[dm-devel] dm-thin vs lvm performance

Mon Jan 16 12:42:01 UTC 2012

Hi Jagan,

On Thu, Jan 12, 2012 at 04:55:16PM -0800, Jagan Reddy wrote:
> Hi,

> I  recently started using dm-thin module and first of all, thank you
> for the good work. It works great, well documented and the comments
> in the code are very useful.  I tried to run some performance tests
> using a high performance flash device and the performance of dm thin
> is about 30% of LVM performance on a full allocated thin provisioned
> volume. ( ie after all pages/blocks are allocated using
> dd). Performance test does only reads and no writes. 

Thanks very much for taking the time to try thinp out properly.
People testing different scenarios is very useful to us.

You're probably aware that the thinp test suite is available here:

    https://github.com/jthornber/thinp-test-suite

I've added a little set of tests that recreate your scenario here:

    https://github.com/jthornber/thinp-test-suite/blob/master/ramdisk_tests.rb

I used a 2G ramdisk for these tests, and a variety of thinp block
sizes and 'dd' options.  I'll just summarise the main results, also I
should point out that my testing was done on a VM hosted on a 4G
machine, so the machine was under a lot of memory pressure and there
was a lot of variance in the benchmarks.

writes across various volumes
-----------------------------

write1
------

Testing write performance.

dd if=/dev/zero of=/dev/mapper/<thin> oflags=direct bs=64M

zeroing new blocks turned on.

thinp block size = 64k

| Linear              | 2.2 G/s |
| Unprovisioned thin  | 1.4 G/s |
| Provisioned thin    | 1.9     |
| Snap totally shared | 1.5 G/s |
| Snap no sharing     | 1.9     |

Pretty good.  Not showing the drastic drop that you were seeing.  The
small thinp block size means the snaps perform nicely (not many
copy-on-writes).

write2
------

As test1, but with 8M thinp block size as in your tests.

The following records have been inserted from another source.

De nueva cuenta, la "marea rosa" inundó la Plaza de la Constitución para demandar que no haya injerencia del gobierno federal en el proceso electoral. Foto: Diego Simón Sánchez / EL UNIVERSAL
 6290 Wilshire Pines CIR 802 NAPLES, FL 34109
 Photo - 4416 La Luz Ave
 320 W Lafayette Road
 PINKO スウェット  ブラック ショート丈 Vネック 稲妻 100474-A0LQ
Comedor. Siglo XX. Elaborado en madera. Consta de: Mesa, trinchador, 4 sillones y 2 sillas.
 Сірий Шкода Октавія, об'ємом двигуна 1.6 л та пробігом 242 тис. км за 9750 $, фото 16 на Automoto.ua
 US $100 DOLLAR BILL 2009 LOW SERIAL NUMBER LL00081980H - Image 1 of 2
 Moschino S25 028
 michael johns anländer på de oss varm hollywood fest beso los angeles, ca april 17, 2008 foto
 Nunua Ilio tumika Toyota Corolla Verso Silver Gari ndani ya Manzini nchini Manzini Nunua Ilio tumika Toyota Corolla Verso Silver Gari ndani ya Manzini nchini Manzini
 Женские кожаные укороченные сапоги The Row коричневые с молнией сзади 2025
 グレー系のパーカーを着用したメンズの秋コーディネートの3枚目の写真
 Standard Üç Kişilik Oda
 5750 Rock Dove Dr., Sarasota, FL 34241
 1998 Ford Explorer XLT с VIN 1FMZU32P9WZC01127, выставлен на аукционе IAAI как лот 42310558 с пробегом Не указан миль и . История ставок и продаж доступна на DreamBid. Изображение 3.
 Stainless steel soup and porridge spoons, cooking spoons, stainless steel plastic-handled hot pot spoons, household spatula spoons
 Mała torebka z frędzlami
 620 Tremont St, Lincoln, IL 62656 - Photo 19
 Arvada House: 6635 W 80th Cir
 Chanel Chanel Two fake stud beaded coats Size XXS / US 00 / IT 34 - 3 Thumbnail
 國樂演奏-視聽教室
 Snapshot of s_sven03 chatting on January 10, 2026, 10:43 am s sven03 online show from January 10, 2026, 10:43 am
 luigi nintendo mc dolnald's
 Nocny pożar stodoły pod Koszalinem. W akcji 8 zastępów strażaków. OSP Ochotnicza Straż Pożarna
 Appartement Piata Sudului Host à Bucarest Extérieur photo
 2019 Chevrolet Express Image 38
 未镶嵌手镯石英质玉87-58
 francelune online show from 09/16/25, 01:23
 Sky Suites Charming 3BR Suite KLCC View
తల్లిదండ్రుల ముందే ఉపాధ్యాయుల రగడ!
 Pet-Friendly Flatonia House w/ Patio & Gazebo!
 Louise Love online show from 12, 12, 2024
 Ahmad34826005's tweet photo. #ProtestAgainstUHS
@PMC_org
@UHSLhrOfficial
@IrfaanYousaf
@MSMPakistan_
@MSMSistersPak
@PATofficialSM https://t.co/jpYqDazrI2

| Linear              | 2.2 G/s |
| Unprovisioned thin  | 1.5 G/s |
| Provisioned thin    | 2.2     |
| Snap totally shared | 882 Ms  |
| Snap no sharing     | 2.2     | 

Good results, breaking sharing performance is down because the large
block size mean there will be more actual copying incurred.

write3
------

As test2, but no oflags=direct option to dd.

| Linear              | 900 M/s |
| Unprovisioned thin  | 579 M/s |
| Provisioned thin    | 694 M/s |
| Snap totally shared | 510 M/s |
| Snap no sharing     | 654 M/s | 

Alarming.  Results are similar for thinp block size of 64k.

read1
-----

Testing read performance.

dd if=/dev/mapper/<thin> of=/dev/null iflags=direct bs=64M

thinp block size = 64k

| Linear              | 3.3 G/s |
| Provisioned thin    | 2.7 G/s |
| Snap no sharing     | 2.8 G/s | 

read2
-----

read1 but with 8M thinp block size

| Linear              | 3.3 G/s |
| Provisioned thin    | 3.2 G/s |
| Snap no sharing     | 3.3 G/s | 

read3
-----

As read2, but without the iflags=direct option to 'dd'.

| Linear              | 1.0 G/s |
| Provisioned thin    | 594 M/s |
| Snap no sharing     | 605 M/s | 

I think there are a couple of conclusions we can draw from this:

i) dd isn't great for benchmarking block devices
ii) if you are going to use it, then make sure you use O_DIRECT

Using an instrumented kernel, I've confirmed that these read tests
are taking the fast path through the code.  The mapping tables are all
in memory.  The bio_map function is always returning DM_MAPIO_REMAPPED.

Will you be using a filesystem on these block devices?

- Joe